The bacterial cell wall includes a thick layer of peptidoglycan, teichoic acid, lipoteichoic acid, surface-exposed proteins, and polysaccharides [26]. The hydrophobicity of probiotics is affected by proteins expressed on the cell surface, such as the Pilin SpaC subunit and MabA. The Pilin SpaC subunit promotes binding to human mucin and IEC. In addition, MabA, an LPXTG cell wall-anchoring protein, helps bacteria adhere to epithelial cells, as well as in biofilm formation [37]. Although the results (Fig. 1) may be ascribed to the rate and amount of cell surface protein expression, further studies will be needed to fully understand the correlation between adhesive properties and hydrophobicity.
LGG is known to have possible benefits in inflammatory diseases, including UC, acute gastroenteritis, and atopic dermatitis [38]. IBD, including CD and UC, is a multifactorial disease that leads to the loss of immune tolerance mediated by various molecules. Cytokines are one of the most important factors in the immune network between immune cells and epithelial cells in the intestine [39,40]. Activated macrophages are a major contributor to the production of cytokines, including IL-1β and TNF-α. IL-1β is a proinflammatory mediator that plays a central role in intestinal inflammation in the gut [21]. In this context, we tested whether a non-toxic concentration (1 × 108 CFU/mL) of RR-LM1071, determined by the WST assay (data not shown), could regulate the expression of cytokines in IL-1β-induced HT-29 cells. Using real-time PCR analysis, RR-LM1071 was found to highly suppress the mRNA expression of IL-6, TNF-α, and IL-4 in IL-1β-induced HT-29 cells (Fig. 2). Furthermore, RR-LM1071 significantly inhibited the IL-1β-induced phosphorylation of p44/42 MAP kinase (Fig. 3). These results suggest that RR-LM1071 may inhibit IL-1β-induced cytokine expression via the MAP kinase pathway in HT-29 cells.
Unexpectedly, the mRNA expression of IL-6 by RR-LM1071 was found to be significantly reduced compared to LGG. However, both TNF-α and IL-4 production did not show any statistical differences compared to LGG. IL-6 is a pleiotropic cytokine that leads to the development of IBD by means of its soluble IL-6 receptor (sIL-6R). IL-6 and sIL-6R levels are known to be correlated with the pathogenesis of UC and DC [41–43]. Therefore, our findings suggest that RR-LM1071 could be a better choice than LGG for preventing IBD.
Although the findings presented in this study point to the involvement of MAP kinase activation, which is responsible for the activation of inflammatory genes, future studies will need to confirm whether RR-LM1071 specifically regulates the pathway in HT-29 cells, as well as evaluate whether other pathways, such as the NF-κB pathway mediated by IL-1β, are involved.
CONCLUSION
In this study, the safety of RR-LM 1071 isolated from human breast milk was demonstrated by evaluating its hemolytic activity, biogenic amine production, and antibiotic resistance.
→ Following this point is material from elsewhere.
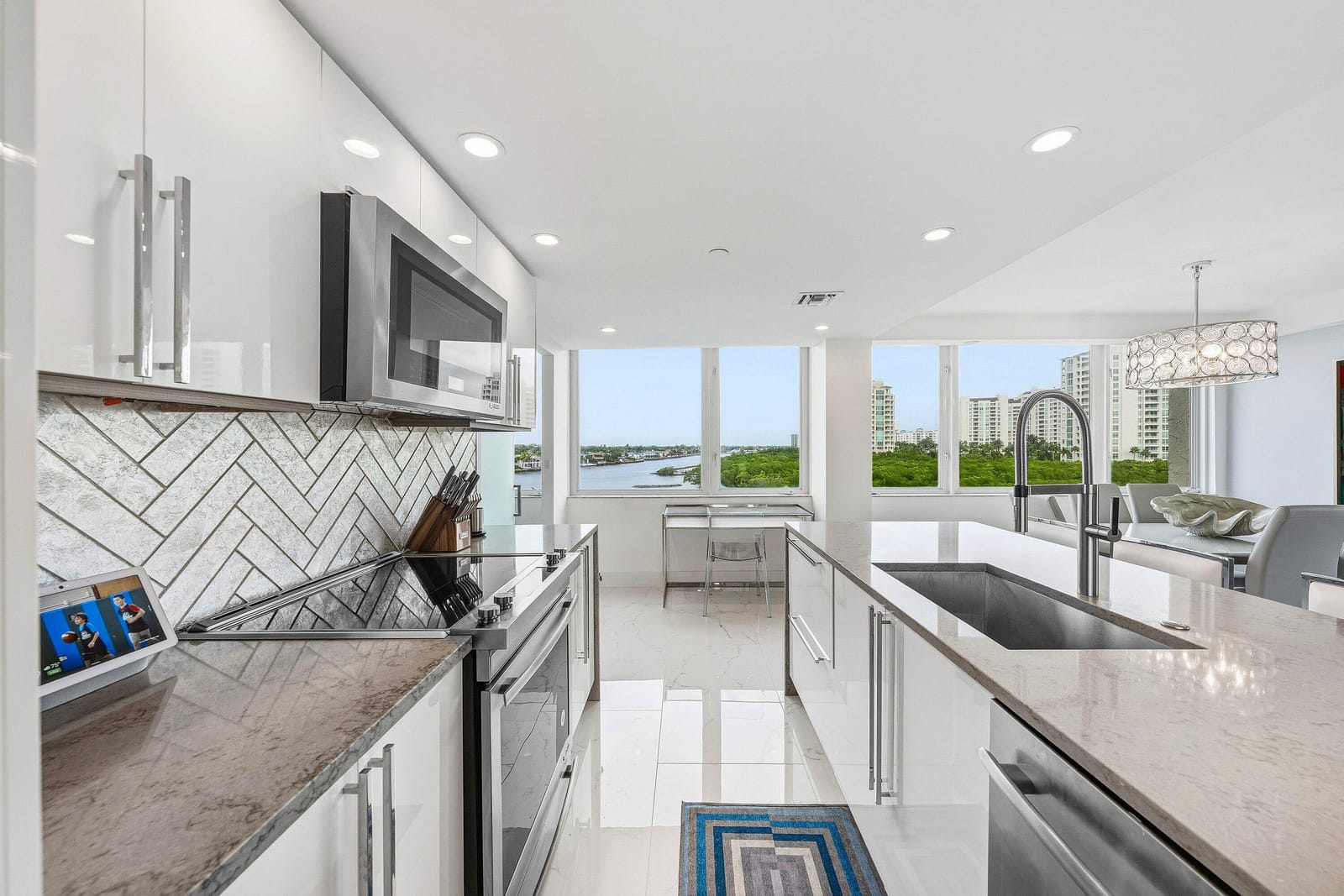3912 S Ocean Boulevard 605, Highland Beach, FL 33487 photo 5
In addition, RR-LM1071 was found to have more affinity for HT-29 cells compared to LGG in adhesive tests. Under inflammatory conditions induced by IL-1β in HT-29 cells, RR-LM1071 suppressed the expression of inflammatory cytokines, namely IL-6, TNF-α, and IL-4, via the MAP kinase pathway. Collectively, our results demonstrate that RR-LM1071 would be an effective and safe probiotic in humans, thus making the case for its use in the development of health supplements and therapeutic treatments for IBD.